Les Reed spoke about Ian Torrance’s intelligence, eye for a player and ability to plan for succession as he congratulated his old protégé on his new job – and Stoke City on hiring him.
Reed was head of football development at Southampton when he brought in Torrance to a recruitment department that was being rebuilt, or just built, about 15 years ago. Torrance and his colleagues were given licence to explore new ways to be agile in the market at a club which needed to find different ways to get ahead of rivals.
Now that Torrance is starting work as Stoke’s head of recruitment, Reed can look back at what he saw him do at close hand on the south coast. It is clear that he remains impressed, throwing out the signings Dusan Tadic and Graziano Pelle as examples of when and how Torrance’s forward thinking helped beat the crowd to key players.
“I first met Ian when I interview him for a job as an intern in about 2010 or 2011, having gone to Southampton myself as a consultant in 2009 and staying as director of football when the club had come out of administration,” Reed told Radio Stoke. “A lot of people had been made redundant, morale was pretty low and there was a 10-point deduction in League One.
“We had to try to rebuild the club under a new ownership to try to get to the Premier League within five years. I had to do an audit to try to make that happen and one of the things I quickly discovered is that there wasn’t a recruitment department. There were a few part-time scouts but nothing structured and it was one thing we had to build very quickly.
“We were fortunate that we had connections with some good universities and we advertised for graduates who needed to take a year out to work towards their masters. We were quite strict on the criteria and the theory was that we needed to get ahead of the game, get an edge and build something strong. Get some bright talent in the building and give them leeway to express themselves.
“Ian came in with two or three others who have all gone on to very big things. Ian’s buddy Tom Stockwell is now sporting director at Wycombe Wanderers, appointed last week having been in recruitment at Nottingham Forest, taken there by Ross Wilson, who was my director of recruitment at Southampton.

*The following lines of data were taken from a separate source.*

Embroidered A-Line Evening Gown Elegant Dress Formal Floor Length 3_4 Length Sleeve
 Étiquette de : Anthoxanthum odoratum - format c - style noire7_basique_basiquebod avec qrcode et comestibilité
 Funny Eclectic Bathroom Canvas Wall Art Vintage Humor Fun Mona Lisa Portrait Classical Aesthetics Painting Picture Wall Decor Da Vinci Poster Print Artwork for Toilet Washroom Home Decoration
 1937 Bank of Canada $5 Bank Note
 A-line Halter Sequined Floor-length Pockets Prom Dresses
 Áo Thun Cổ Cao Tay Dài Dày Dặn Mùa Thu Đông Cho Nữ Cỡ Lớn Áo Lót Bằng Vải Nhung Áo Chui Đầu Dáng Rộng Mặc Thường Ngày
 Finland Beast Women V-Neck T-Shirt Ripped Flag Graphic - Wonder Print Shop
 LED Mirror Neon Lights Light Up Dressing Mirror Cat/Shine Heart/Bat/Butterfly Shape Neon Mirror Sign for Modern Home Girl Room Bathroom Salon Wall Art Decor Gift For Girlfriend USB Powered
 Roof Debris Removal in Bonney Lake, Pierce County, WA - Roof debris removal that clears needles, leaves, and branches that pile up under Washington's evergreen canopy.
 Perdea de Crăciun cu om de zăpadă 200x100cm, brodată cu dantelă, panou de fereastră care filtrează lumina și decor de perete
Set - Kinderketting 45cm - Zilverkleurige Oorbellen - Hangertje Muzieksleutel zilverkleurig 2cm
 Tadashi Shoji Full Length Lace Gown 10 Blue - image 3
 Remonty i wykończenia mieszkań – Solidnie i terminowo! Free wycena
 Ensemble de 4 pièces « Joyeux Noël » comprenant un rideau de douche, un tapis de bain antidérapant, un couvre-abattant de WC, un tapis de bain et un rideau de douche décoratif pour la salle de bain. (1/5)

“One of the things we put to them was that we needed to find a way to recruit players cheaply with lots of potential and blend them with players we develop from the academy. We needed an analytics platform that would give us the right data, the right information to enable us to not only achieve that but achieve it before anyone else does.
“Ian was one of the leads on this project to develop a way we could do that and back then there was nothing like the platforms that are available now for analytics. Ian built a platform that was bespoke to us and then explore how we could get data from other leagues around Europe. The European was Ian’s baby and it meant we could structure our analysis in such a way we could be ahead of the game in spotting young talent.
“They got the tech guys in and it was built on the principle of Matthew Syed’s theory Black Box Thinking. People only think about a black box in terms of analysing why a plane crashed but actually its data is downloaded every day and used to get better at flying to avoid crashes and provide better safety measures. We wanted that principle for our scouts.
“It was a project they all get their teeth into and Ian led it and then managed it with Tom and it really meant we could interrogate data very quickly, almost live. By a Monday morning meeting we could use a weekend’s matches and have a league table of targets that Ian was responsible for updating. We could see a fifth-choice potential left-back had moved up to number three.
“It was brilliant for me as a sporting director, brilliant for our head of recruitment because we could make quick decisions and get scouts to games before other people. Classic examples, in our succession planning – and guys were tasked with producing these – we produced Adam Lallana from our academy and we knew he was going to be a class player, who was eventually signed by Liverpool. We needed to find a replacement and we had a list of four or five who were already in the system, already scouted and at the top of that list was Dusan Tadic. We were able to quickly move to sign Dusan Tadic before other people had recognised the potential and he also met the right profile for that position and would be an improvement how our first team played.
“Lallana had worked well with Rickie Lambert, who was also signed by Liverpool, but within days we were able to sign a meeting with Feyenoord and bring Graziano Pelle in, who scored 28 goals in his first season and attracted so much attention that he was then sold on to a club in China.
“It was Ian’s job to keep on top of that and make sure we were at the cutting edge and it doesn’t surprise me that all those guys have progressed to important roles. When Ian went to Como it didn’t surprise me one bit because his knowledge of European football is excellent.
“The other thing with Ian was that we didn’t just base him in the office, watching a screen all day, he had to go and find out what it took to be in the stadium and use that analytics for scouting. Ian was sent on many missions to scout domestically and in Europe and being a very intelligent guy he was able to assimilate all that and has progressed in his career accordingly.
“He’s also a great guy, personable, can lead people, manage people, is empathetic. I can’t say enough about the qualities he brings to this job. Congratulations to Ian and congratulations to Stoke as well.”